TRC-2020 Presentation 41:56 Minutes

by Jon Herlocker, Tignis

Today, you may have some basic condition monitoring on your most critical assets using technology such as vibration monitoring. You may have threshold alerts on certain process variables. This technology has helped you increase your reliability, but you are still experiencing unplanned downtime and your product quality and energy efficiency have room for improvement.

Artificial intelligence (AI), machine learning (ML), and automation of process analytics are all the buzz and you are wondering how you this might help you get to the next level of maturity/quality/performance. AI/ML vendors are promising the world to you. But you’ve heard stories about AI/ML projects costing lots of money and effort and not succeeding. You don’t want to be that guy. Installing new IoT sensors is expensive. Convincing your colleagues to get on board burns social capital. Changing your processes has risk and can be expensive. Perhaps you’ve even tried an AI/ML project and the results have been underwhelming.

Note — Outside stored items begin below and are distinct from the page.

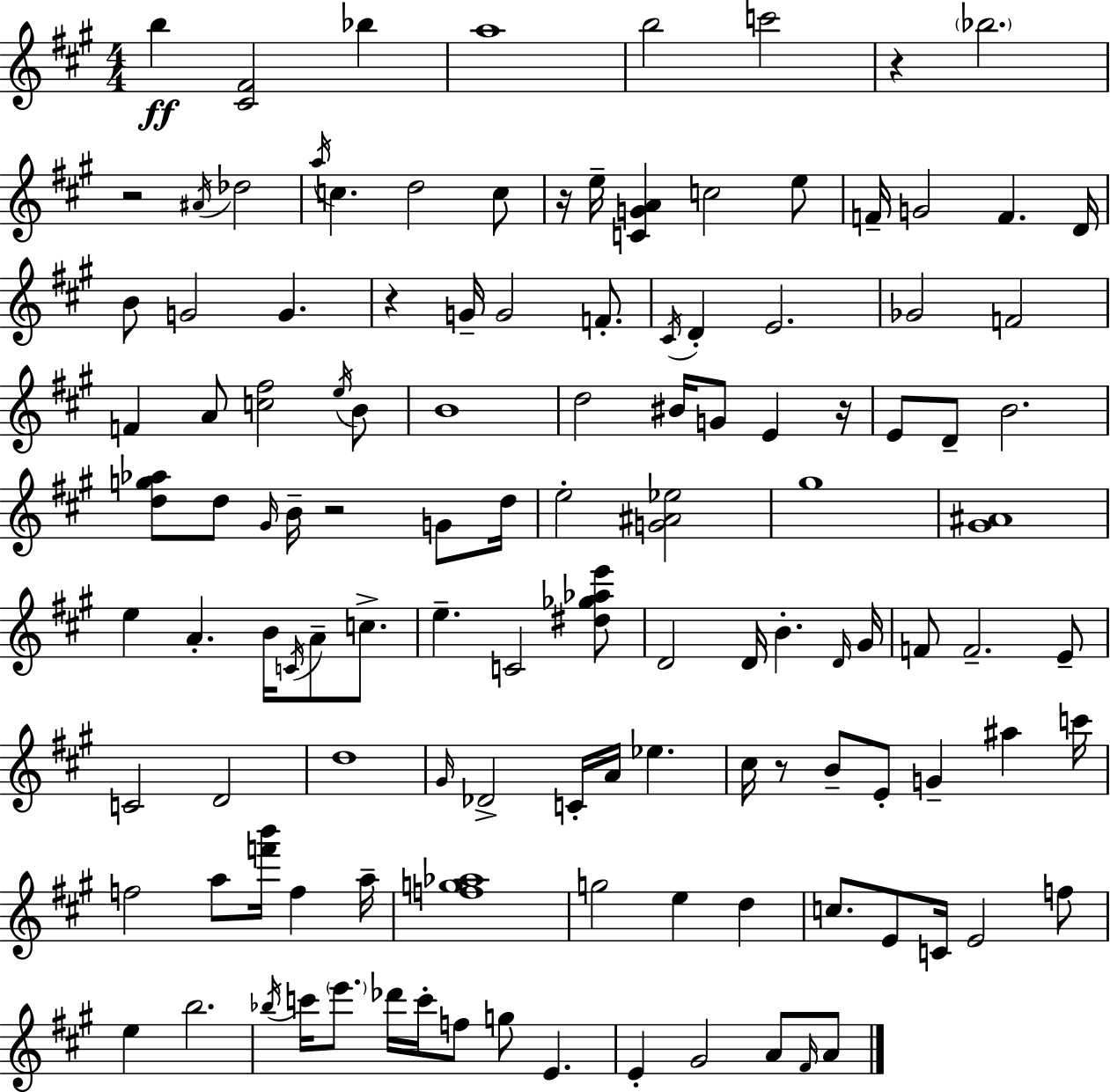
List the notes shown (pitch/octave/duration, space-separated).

B5/q [C#4,F#4]/h Bb5/q A5/w B5/h C6/h R/q Bb5/h. R/h A#4/s Db5/h A5/s C5/q. D5/h C5/e R/s E5/s [C4,G4,A4]/q C5/h E5/e F4/s G4/h F4/q. D4/s B4/e G4/h G4/q. R/q G4/s G4/h F4/e. C#4/s D4/q E4/h. Gb4/h F4/h F4/q A4/e [C5,F#5]/h E5/s B4/e B4/w D5/h BIS4/s G4/e E4/q R/s E4/e D4/e B4/h. [D5,G5,Ab5]/e D5/e G#4/s B4/s R/h G4/e D5/s E5/h [G4,A#4,Eb5]/h G#5/w [G#4,A#4]/w E5/q A4/q. B4/s C4/s A4/e C5/e. E5/q. C4/h [D#5,Gb5,Ab5,E6]/e D4/h D4/s B4/q. D4/s G#4/s F4/e F4/h. E4/e C4/h D4/h D5/w G#4/s Db4/h C4/s A4/s Eb5/q. C#5/s R/e B4/e E4/e G4/q A#5/q C6/s F5/h A5/e [F6,B6]/s F5/q A5/s [F5,G5,Ab5]/w G5/h E5/q D5/q C5/e. E4/e C4/s E4/h F5/e E5/q B5/h. Bb5/s C6/s E6/e. Db6/s C6/s F5/e G5/e E4/q. E4/q G#4/h A4/e F#4/s A4/e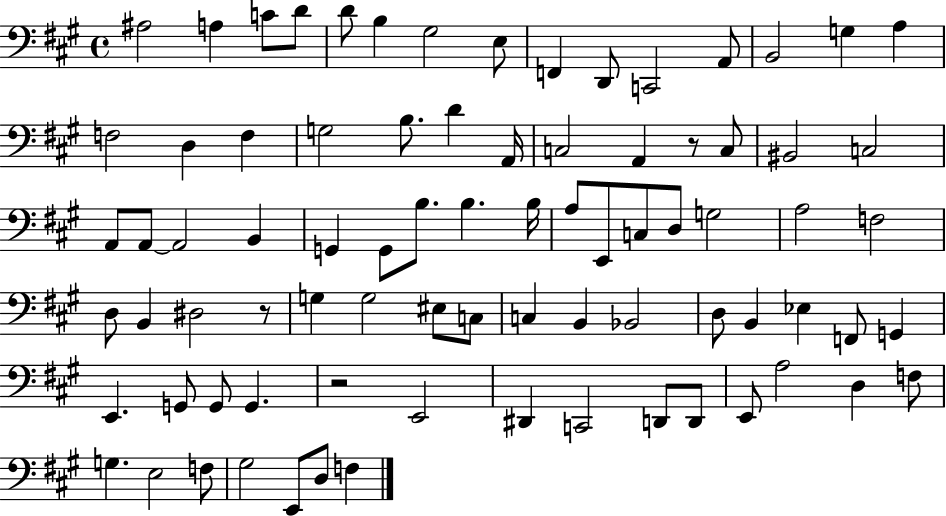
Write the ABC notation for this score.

X:1
T:Untitled
M:4/4
L:1/4
K:A
^A,2 A, C/2 D/2 D/2 B, ^G,2 E,/2 F,, D,,/2 C,,2 A,,/2 B,,2 G, A, F,2 D, F, G,2 B,/2 D A,,/4 C,2 A,, z/2 C,/2 ^B,,2 C,2 A,,/2 A,,/2 A,,2 B,, G,, G,,/2 B,/2 B, B,/4 A,/2 E,,/2 C,/2 D,/2 G,2 A,2 F,2 D,/2 B,, ^D,2 z/2 G, G,2 ^E,/2 C,/2 C, B,, _B,,2 D,/2 B,, _E, F,,/2 G,, E,, G,,/2 G,,/2 G,, z2 E,,2 ^D,, C,,2 D,,/2 D,,/2 E,,/2 A,2 D, F,/2 G, E,2 F,/2 ^G,2 E,,/2 D,/2 F,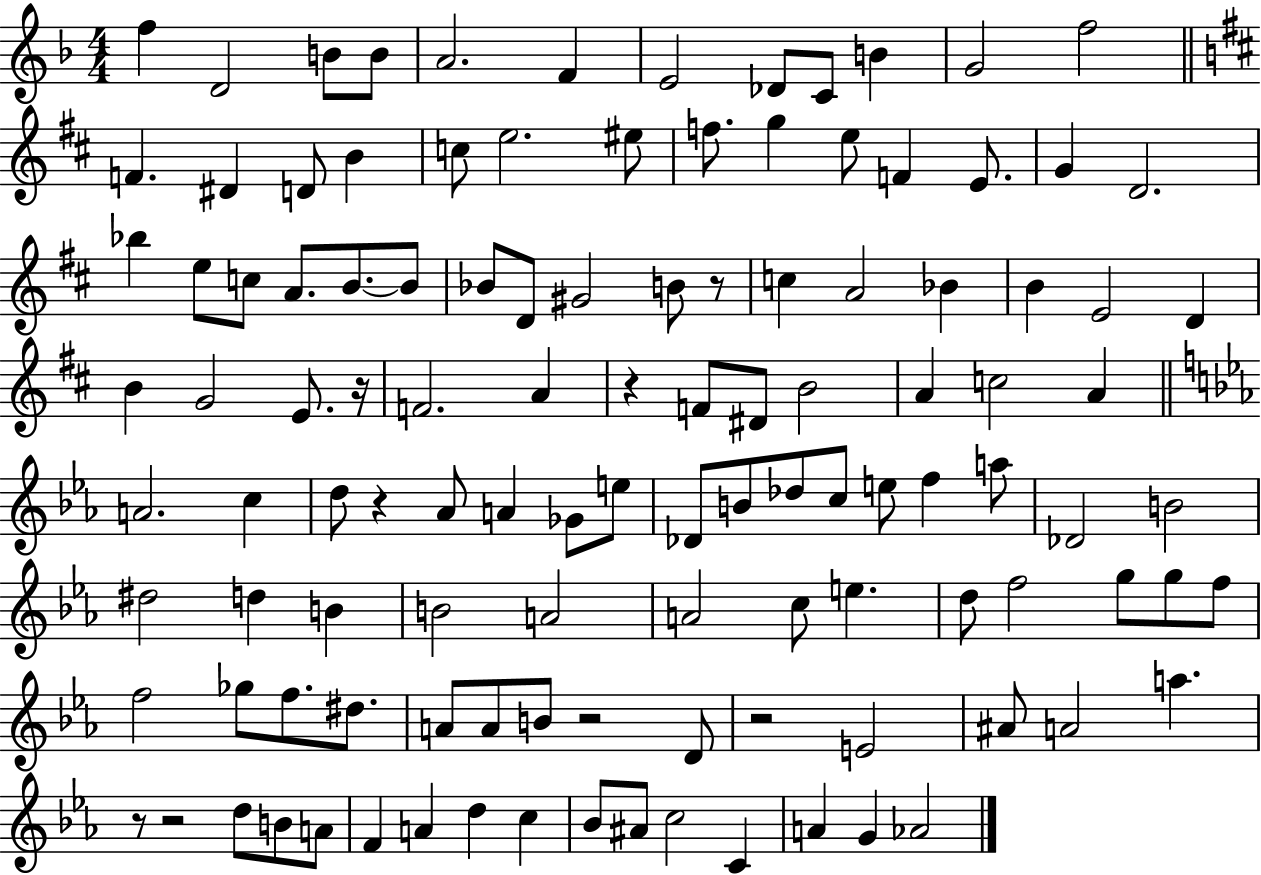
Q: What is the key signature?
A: F major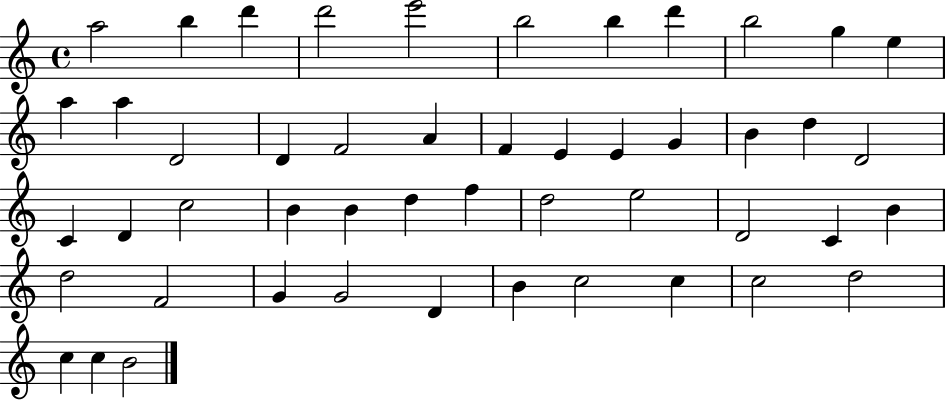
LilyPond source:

{
  \clef treble
  \time 4/4
  \defaultTimeSignature
  \key c \major
  a''2 b''4 d'''4 | d'''2 e'''2 | b''2 b''4 d'''4 | b''2 g''4 e''4 | \break a''4 a''4 d'2 | d'4 f'2 a'4 | f'4 e'4 e'4 g'4 | b'4 d''4 d'2 | \break c'4 d'4 c''2 | b'4 b'4 d''4 f''4 | d''2 e''2 | d'2 c'4 b'4 | \break d''2 f'2 | g'4 g'2 d'4 | b'4 c''2 c''4 | c''2 d''2 | \break c''4 c''4 b'2 | \bar "|."
}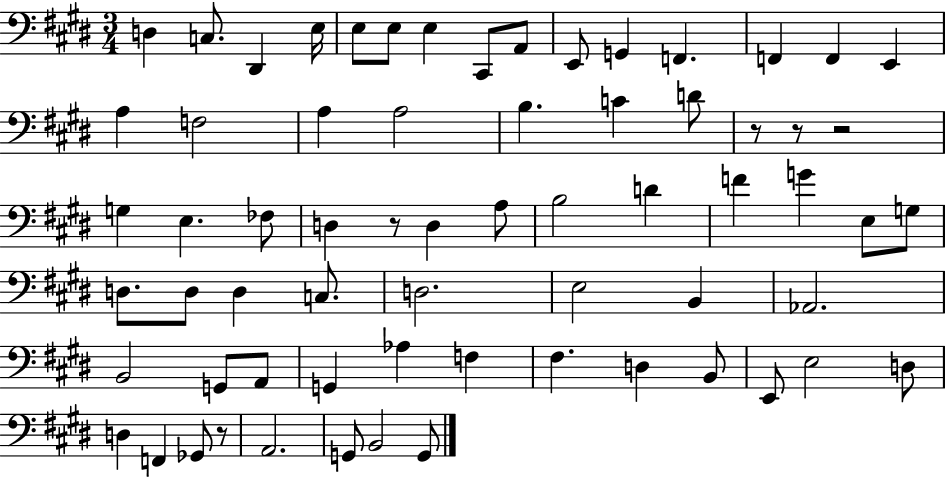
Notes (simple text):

D3/q C3/e. D#2/q E3/s E3/e E3/e E3/q C#2/e A2/e E2/e G2/q F2/q. F2/q F2/q E2/q A3/q F3/h A3/q A3/h B3/q. C4/q D4/e R/e R/e R/h G3/q E3/q. FES3/e D3/q R/e D3/q A3/e B3/h D4/q F4/q G4/q E3/e G3/e D3/e. D3/e D3/q C3/e. D3/h. E3/h B2/q Ab2/h. B2/h G2/e A2/e G2/q Ab3/q F3/q F#3/q. D3/q B2/e E2/e E3/h D3/e D3/q F2/q Gb2/e R/e A2/h. G2/e B2/h G2/e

Challenges to the success of machine learning initiatives include vendor misrepresentations, data quality issues, lack of appropriate training data, complexity of feature engineering, false positives, repeatability, and explainability. This presentation will cut through the hype and educate you on the core capabilities of machine learning in the context of reliability engineering. And this presentation will help to bring machine learning “back to the physics” – arguing that direct application of physics and engineering knowledge can help increase the success of machine learning projects.

The objectives of this presentation are to enable an advanced reliability engineer to explain to their colleagues:

  1. What is machine learning;
  2. How can machine learning help with reliability;
  3. How to frame a reliability problem as a machine learning problem;
  4. How to use physics to make machine learning more practical; and
  5. How to use free software tools to experiment with do-it-yourself (DIY).